If I have one objection, it’s to the relentless focus on all-male sex. Yes, the Romans didn’t share our categories. Yes, upper-class men routinely sought pleasure with boys and women alike. But Fellini’s obsession borders on caricature. The film becomes a kind of Greco-Roman Grindr dreamscape, where every emotional beat is filtered through the body of a teenage boy. Even the dream sequences feel like they’ve been staged at a very expensive bathhouse.

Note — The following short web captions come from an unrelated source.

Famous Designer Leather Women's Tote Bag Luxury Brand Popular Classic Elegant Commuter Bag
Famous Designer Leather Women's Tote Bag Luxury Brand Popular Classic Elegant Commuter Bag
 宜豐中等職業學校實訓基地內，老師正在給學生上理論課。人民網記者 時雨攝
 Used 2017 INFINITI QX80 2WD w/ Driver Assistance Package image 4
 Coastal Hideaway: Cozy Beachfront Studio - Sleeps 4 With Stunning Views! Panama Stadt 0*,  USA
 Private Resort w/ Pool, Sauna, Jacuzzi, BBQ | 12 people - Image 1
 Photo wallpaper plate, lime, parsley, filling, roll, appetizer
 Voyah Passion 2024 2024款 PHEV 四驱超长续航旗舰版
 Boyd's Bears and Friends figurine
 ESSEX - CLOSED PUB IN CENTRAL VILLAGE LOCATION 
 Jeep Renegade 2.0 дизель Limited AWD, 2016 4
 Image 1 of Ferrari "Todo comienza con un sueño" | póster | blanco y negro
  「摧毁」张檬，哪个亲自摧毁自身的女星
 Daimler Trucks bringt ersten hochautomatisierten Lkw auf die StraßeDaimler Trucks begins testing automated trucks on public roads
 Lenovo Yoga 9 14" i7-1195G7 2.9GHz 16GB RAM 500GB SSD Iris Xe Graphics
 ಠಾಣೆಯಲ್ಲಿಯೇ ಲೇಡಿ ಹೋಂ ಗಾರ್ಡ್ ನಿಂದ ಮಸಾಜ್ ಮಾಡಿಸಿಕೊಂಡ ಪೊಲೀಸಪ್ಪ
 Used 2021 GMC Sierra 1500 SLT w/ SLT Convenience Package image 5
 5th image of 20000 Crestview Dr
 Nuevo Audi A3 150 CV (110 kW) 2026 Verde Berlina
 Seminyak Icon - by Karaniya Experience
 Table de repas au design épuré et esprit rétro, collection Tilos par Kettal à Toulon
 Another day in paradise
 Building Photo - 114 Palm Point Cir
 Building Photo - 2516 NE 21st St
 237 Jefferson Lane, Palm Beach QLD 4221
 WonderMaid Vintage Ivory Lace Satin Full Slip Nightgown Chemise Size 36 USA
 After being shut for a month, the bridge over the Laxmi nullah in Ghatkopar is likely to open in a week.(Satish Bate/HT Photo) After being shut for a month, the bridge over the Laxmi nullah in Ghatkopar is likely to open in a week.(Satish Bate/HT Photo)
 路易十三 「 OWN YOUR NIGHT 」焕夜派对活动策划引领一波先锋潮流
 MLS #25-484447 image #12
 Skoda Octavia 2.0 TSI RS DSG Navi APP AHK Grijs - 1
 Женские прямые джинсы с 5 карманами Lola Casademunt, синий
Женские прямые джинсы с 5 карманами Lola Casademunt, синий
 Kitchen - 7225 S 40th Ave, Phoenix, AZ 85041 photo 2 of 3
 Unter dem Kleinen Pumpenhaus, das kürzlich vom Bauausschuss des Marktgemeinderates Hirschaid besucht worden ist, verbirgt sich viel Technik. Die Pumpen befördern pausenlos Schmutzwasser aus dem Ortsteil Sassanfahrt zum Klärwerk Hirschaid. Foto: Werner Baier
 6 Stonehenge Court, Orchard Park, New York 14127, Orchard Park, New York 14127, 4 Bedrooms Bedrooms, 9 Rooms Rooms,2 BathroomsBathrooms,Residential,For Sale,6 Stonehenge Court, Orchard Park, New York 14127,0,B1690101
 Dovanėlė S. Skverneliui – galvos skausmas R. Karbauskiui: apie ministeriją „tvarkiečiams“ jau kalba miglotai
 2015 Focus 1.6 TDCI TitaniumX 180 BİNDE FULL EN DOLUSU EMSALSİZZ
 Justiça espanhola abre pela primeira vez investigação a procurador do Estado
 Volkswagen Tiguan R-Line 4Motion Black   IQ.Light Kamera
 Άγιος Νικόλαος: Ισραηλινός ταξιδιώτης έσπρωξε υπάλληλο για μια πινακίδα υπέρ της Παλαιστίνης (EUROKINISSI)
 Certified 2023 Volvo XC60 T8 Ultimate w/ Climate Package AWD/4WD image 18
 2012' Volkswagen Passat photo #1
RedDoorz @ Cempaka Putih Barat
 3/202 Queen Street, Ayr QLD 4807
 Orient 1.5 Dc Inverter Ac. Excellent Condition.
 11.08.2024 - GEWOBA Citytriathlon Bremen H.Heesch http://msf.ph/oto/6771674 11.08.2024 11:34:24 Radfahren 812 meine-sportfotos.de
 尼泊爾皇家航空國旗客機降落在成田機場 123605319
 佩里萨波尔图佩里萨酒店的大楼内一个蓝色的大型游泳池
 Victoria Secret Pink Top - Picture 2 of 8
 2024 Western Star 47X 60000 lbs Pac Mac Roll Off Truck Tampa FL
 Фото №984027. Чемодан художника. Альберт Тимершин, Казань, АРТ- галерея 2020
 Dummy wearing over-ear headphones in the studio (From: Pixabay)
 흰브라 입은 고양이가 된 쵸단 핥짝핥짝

That said, the imbalance is instructive. Satyricon isn’t interested in what you want. It’s interested in what it was, or might have been: a civilisation so decadent it turned inward and downward. There’s no truth to be found—only desire, decay, and a kind of eerie beauty. Fellini isn’t peddling shock for its own sake. He’s staging a thought experiment: what does a world look like where gods have died, liberty means nothing, and pleasure is all that’s left? It’s not a warning. It’s worse than that. It’s an observation.
And the observation sticks. By the end, as Encolpius stares blankly into the void, covered in war paint and ennui, you realise that this film isn’t just about Rome. It’s about us. Or what we’ll look like in twenty years, once the NHS has finished amputating our dignity and the Department for Culture has banned the last Shakespeare play for being insufficiently inclusive.
Watch it. But not as a history lesson. Watch it as prophecy.